The use of the potentia ordinata/potentia absoluta distinction of itself is not indicative of voluntarism; Thomas makes use of it as well. To be sure, if one is a voluntarist one may use it in a certain way, a way that might disturb people today. The fourteenth century saw a lot of crazy theories. But to label Scotus in with them all is just silly. Voluntarism certainly does not mean there is no order behind appearances, nor that God can perform a contradiction. Nor does any of this necessarily follow from the metaphysical claim that the will is "higher" than the intellect because that can be spelled out in so many different ways. According to Scotus, the precepts of the first table of the natual law are necessary because they concern the divine nature, which is necessary. Therefore he would not agree that God could make it "right" to hate him (God).


[...]

The very definition of God -- "I Am" -- was clearly something that was comprehensible in a philosophy itself based on reason. The Pope is quite careful to note that Paul's turning to Macedonia and not to some other culture had to do with a providential decision about what it means to comprehend revelation, particularly the Incarnation and the Trinity, the two basic doctrines that are denied in all other religions and philosophies. It is because of the unique contribution of Europe that this relation was hammered out, particularly by St. Augustine and St. Thomas Aquinas and their heritage. To receive revelation of the word, of the inner life of the Godhead, we must have a preparation, a philosophy that allows us to comprehend what it being revealed to us. Not all philosophies do this, which is why it makes a difference what philosophy we understand to be true.

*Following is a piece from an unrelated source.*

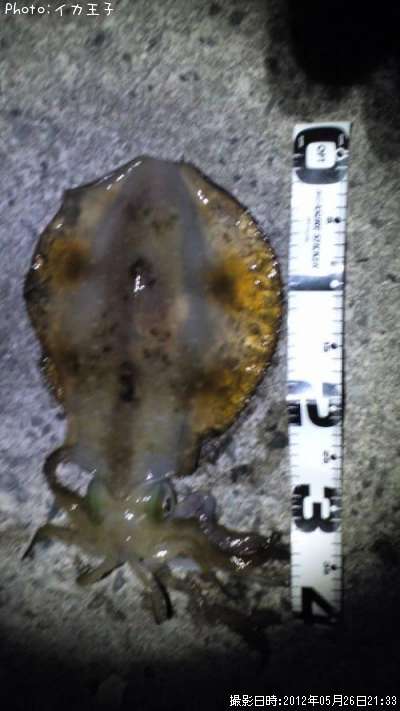 �����ꥤ��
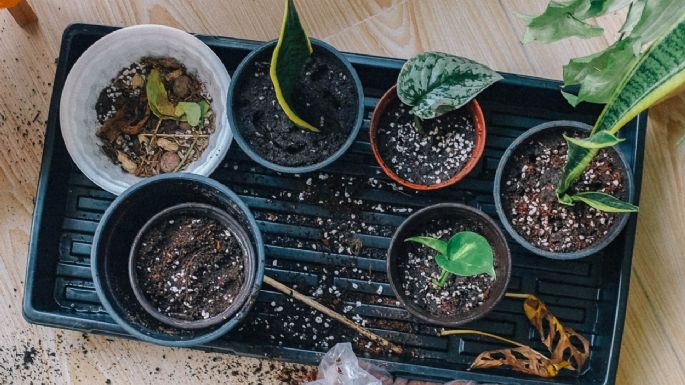 Jardinería en casa: Abono para plantas de interior con ingredientes de tu cocina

This is almost offensive, but not surprising. It is the usual Thomist claim (note the reference to the Augustinian-Thomist heritage). My point with all this (though it just look like a historian/medievalist whining about the need to take history seriously) is that terms used by philosophers have meanings, often very precise ones. It is a travesty to lump whole schools (all made up of devout Catholics whose teachings have never been censured) of thought together with modern political or terrorist movements we find offensive. I have no problem with appropriating the past in order to enrich the discussion of the present, but first we must understand the past.

Wednesday, October 17, 2007

Back to Scotus

Lest my gentle readers think I have some grudge against women or all feminism due to my latest posts, let me reassure you of the contray. I have something against pointless applications of postmodernism to the medieval era, coupled with complete ignorance of the culture itself in question conducted by certain feminist "medievalists" I have been forced to read lately for class. And the quote on books, though somewhat misogynistic, does have a grain of truth. Or so I have noticed in the past. Luckily my current love interest (so far) is not like the women mentioned in my previous post, and understands my love of books. In other news, Tomorrow I am off to St. Bonaventure for the Scotus congress, first of the Quodruple. Should be good times, as long as Noone brings his harmonica.

Here's some Scotus to tide y'all over until I get back, from Reportatio I A d. 29 q. unica (Oxford, Merton College Library, MS. 61, f. 139r. cited in Mohle's Formalitas und Intrinsecus Modus p. 20):

"Quia relationi reali et rationis non est unus conceptus eiusdem rationis, quia licet posset abstrahi unus conceptus univocus a Deo et creatura, non tamen a re rationis et a re reali, quia conceptus abstractus a Deo et creatura esset ex utraque parte realis et ita eiusdem rationis, non sic autem ab ente rationis et ente reali quia ex una parte esset realis, et ex alia non, sed tantum rationis. maior enim et prior est divisio entis in ens reale et rationis quam in ens creatum et increatum, quia ens reale, ut unum membrum alterius divisionis, est commune utrique membro secundae divisionis, ut enti creato et increato, quia utrumque est ens reale, et sic magis conveniunt sub ratione unius conceptus."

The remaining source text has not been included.